3. The target tracking method as described in claim 1, characterized in that, The tracking of the target object using the Kalman filter algorithm and the Hungarian algorithm includes: Based on the previous tracking trajectory of the current sensing data, the predicted value and the predicted attribute are calculated using the Kalman filter algorithm. Based on the cost matrix, the target object and the tracking trajectory are matched using the Hungarian algorithm, and tracking is performed based on the matching results.

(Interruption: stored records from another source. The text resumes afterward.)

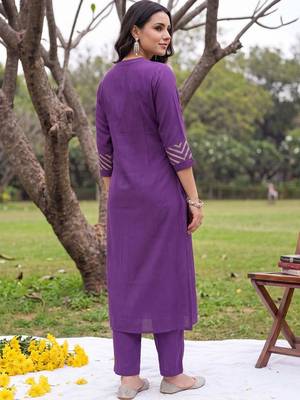 women printed regular kurta with trousers 6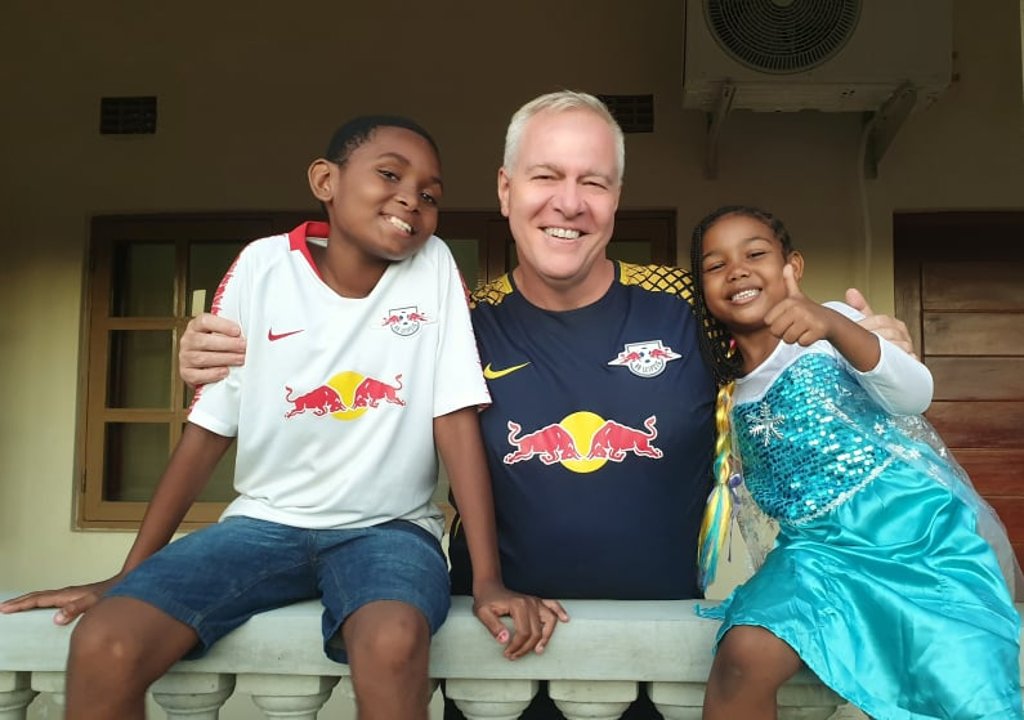 Roland Hohberg mit Sohn Neo (11) und Enkeltochter Linda (6) in Mosambik. Alle drei hoffen auf einen Sieg für RB.
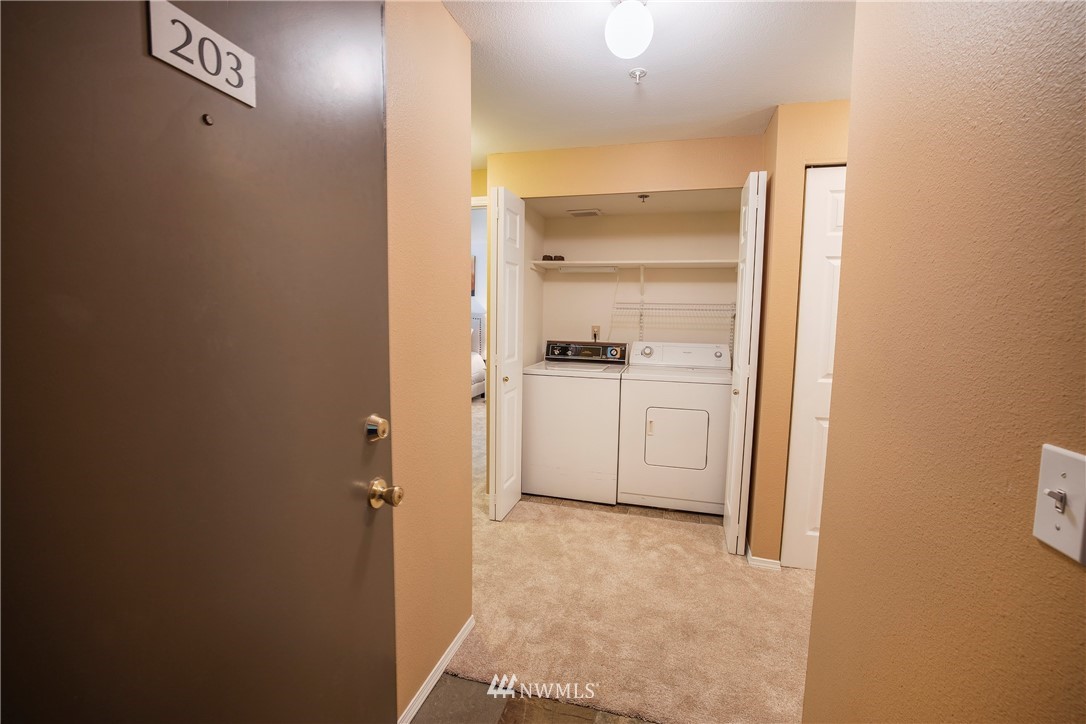 19404 Bothell Way Northeast, Unit B203 Bothell, WA 98011 - Photo 20 of 24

4. The target tracking method as described in claim 3, characterized in that, The matching of the target object and the tracking trajectory based on the cost matrix using the Hungarian algorithm includes: The Mahalanobis distance and the cosine distance are weighted and summed based on preset hyperparameters; Determine whether the sum obtained by the weighted summation is greater than the first matching threshold; If the value is greater than the target object, it is confirmed that the target object matches the tracking trajectory; if the value is not greater than the target object, it is determined whether the cosine distance is greater than the second matching threshold, and the second matching threshold is greater than the first matching threshold. If the cosine distance is greater than the second matching threshold, the target object is confirmed to match the tracking trajectory.
5. A target tracking device, characterized in that, The device is used to implement the method as described in any one of claims 1-4. The device is applied to a roadside sensing system, the roadside sensing system comprising at least one set of FMCW lidar and video cameras, wherein the FMCW lidar and the video cameras are disposed on the roadside and their sensing areas overlap. The device includes: The identification unit is used to identify traffic objects from the current perception data collected by the FMCW lidar and the video camera, respectively, and to obtain target objects with a size smaller than a size threshold. The recognition unit is also used to obtain the image category of the target object based on the current perception data of the video camera; The feature extraction unit is used to obtain the target velocity, target acceleration, target micro-Doppler features and target position of the target object based on the current perception data of the FMCW lidar. The target micro-Doppler features include the torso Doppler frequency and the total bandwidth of the Doppler signal. A construction unit is used to construct the cost matrix of the Hungarian algorithm based on the target velocity, the target acceleration, the target microDoppler features, the target position, and the image category; The tracking unit is used to track the target object using the Kalman filter algorithm and the Hungarian algorithm.
6. The target tracking device as described in claim 5, characterized in that, The target micro-Doppler features also include: trunk Doppler bandwidth and limb movement cycle.
7. The target tracking device as described in claim 5, characterized in that, The building unit is specifically used for: The Mahalanobis distance between the predicted and detected values of the target object is calculated based on the target velocity, the target acceleration, and the target position. Calculate the cosine distance between the predicted attribute and the detected attribute of the target object based on the target micro-Doppler features and the image category; The cost matrix is constructed based on the Mahalanobis distance and the cosine distance.
8. An electronic device, characterized in that, It includes a memory and one or more programs, wherein one or more programs are stored in the memory and are configured to be executed by one or more processors to implement the method as described in any one of claims 1-4.
9. A computer-readable storage medium, characterized in that, It stores a computer program that, when executed by a processor, implements the steps of the method described in any one of claims 1-4.